Recentemente, várias tecnologias de edição do genoma, incluindo nucleases de dedo de zinco, nucleases efetoras do tipo ativador de transcrição e como fazemos nossas nucleases, foram projetadas para clivar genomas em um tamanho específico. A tecnologia de nocaute genético CRISPR/Cas9 revolucionou a biologia básica, a biotecnologia e a medicina. O CENP é essencial para fixar cinetócoros a microtúbulos e alinhar cromossomos.
A interrupção do CENP, seja por microinjeção de anticorpos, deleção de sgRNA, inibição química ou deleção genética, resulta em desalinhamento cromossômico, defeitos mitóticos e, muitas vezes, morte celular, complicando o estudo dos mecanismos da proteína CENP. Neste estudo, três estratégias otimizadas de triagem baseadas em fenótipos foram estabelecidas, incluindo triagem de colônias celulares, alinhamento cromossômico dos fenótipos e intensidades fluorescentes das proteínas CENP, o que melhorou a eficiência da triagem e a taxa de sucesso experimental. É importante ressaltar que a deleção do CENP resulta em desalinhamento cromossômico, localização anormal das proteínas BubR1 e defeitos mitóticos.

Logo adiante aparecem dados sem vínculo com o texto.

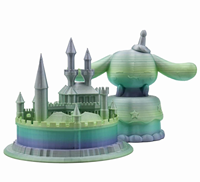Filamento PLA de Seda Arcoíris de 1.75mm, 1KG, Color Degradado Brillante, Material de Impresión 3D, Venta al por Mayor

Os modos de interação e os mecanismos moleculares do CENP e seus inibidores são importantes campos de pesquisa em biologia celular e pesquisa em câncer. Neste estudo, a linhagem celular HeLa knockout do CENP foi estabelecida como uma ferramenta valiosa para a validação da especificidade e toxicidade dos inibidores do CENP.